Years from now, will anyone remember Bill Clinton's presidency as a marvelous epoch of foreign policy triumphs? No. So why then are so many in the press publicly swooning over his "accomplishments"?
Nobody remembers that in the last days of the 1994 campaign, Clinton was traveling around the Middle East trying to push Israel, Jordan, and Syria into agreements. Do you remember what he accomplished? (Hint: How many games have the Redskins won this year?)
But ABC and CBS both touted the "latest in a string" of foreign policy successes. NPR's Nina Totenberg gushed: "He was there in the middle of the desert. I mean, it was biblical!" Then there was NBC. "Today" co-host Matt Lauer boasted: "America's peace-making President appears to have won some grudging concessions from Syria."
A fat lot of political good that last-minute puffery did the Democrats. But almost four years to the day of those reports, NBC came back with more. As Benjamin Netanyahu and Yasser Arafat came to sign the Wye River agreement, the Peacock Network's Washington bureau was living up to its boasting symbol.

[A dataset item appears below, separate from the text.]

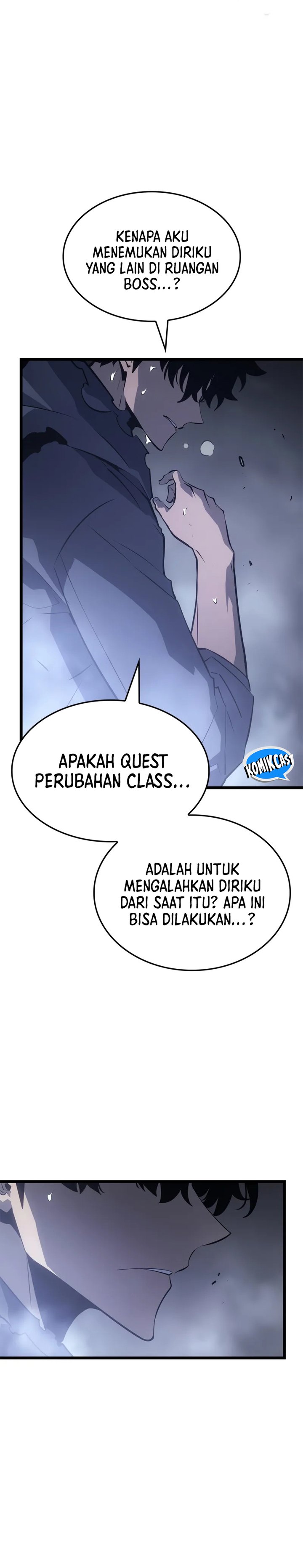 Dilarang COPAS - situs resmi www.mangacanblog.com - Komik solo leveling ragnarok 043 - chapter 43 44 Indonesia solo leveling ragnarok 043 - chapter 43 Terbaru 26|Baca Manga Komik Indonesia|Mangacan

Hours before the signing on the October 23 "Today," Washington Bureau Chief Tim Russert was grooming Clinton for world history: "As the impeachment hearings grind on, could you have a situation where next year the President cannot go to the Judiciary Committee on a particular day because he's receiving the Nobel Peace Prize? That's the kind of irony the White House looks at as they look at the success of President Clinton on this day."
Come now. First, no American President has won the Peace Prize since Woodrow Wilson "accomplished" the League of Nations almost 80 years ago. If Jimmy Carter couldn't get it after campaigning for it since the Camp David accords, what chance does Clinton have? Second, the Nobel Peace Prize was just awarded a couple of weeks ago. Does that mean impeachment hearings will still be going on next fall? Does Russert know something that we don't?

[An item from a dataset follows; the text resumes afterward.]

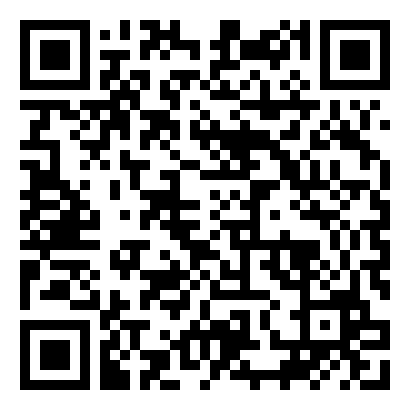 移动端二维码 - 东莞金林知识产权提供东莞会计服务 - 厦门分类信息 - 厦门28生活网 xm.28life.com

But NBC News was just getting started. Minutes after the signing at 5: 53 Eastern time, White House correspondent David Bloom explained to MSNBC anchor Brian Williams:
" You heard the King of Jordan, King Hussein, saying of President Clinton that he's known many Presidents, all of them dating back to Eisenhower, and saying that he's known none like President Clinton, saying that his dedication, his clearheadedness, his focus, his determination is unlike anything that he's seen from any American President dating back to Eisenhower. And if those words aren't so sweet to this White House nothing else could be."
What nonsense! Would any clear-headed American foreign policy analyst hail Clinton as a model of focus or clear-headedness on world affairs? This President's foreign policy has been usually marked by either complete confusion or complete self-regard. Take China. Bill Clinton ran at George Bush from the right, with all this talk of coddling dictators. But once elected, he allowed software giants and Chinese-linked foreign donors to open their pocketbooks, and buy themselves a foreign policy. Focused? Try the Kosovo imbroglio. Determined? Explain his Iraq arms inspection policy. It is laughable.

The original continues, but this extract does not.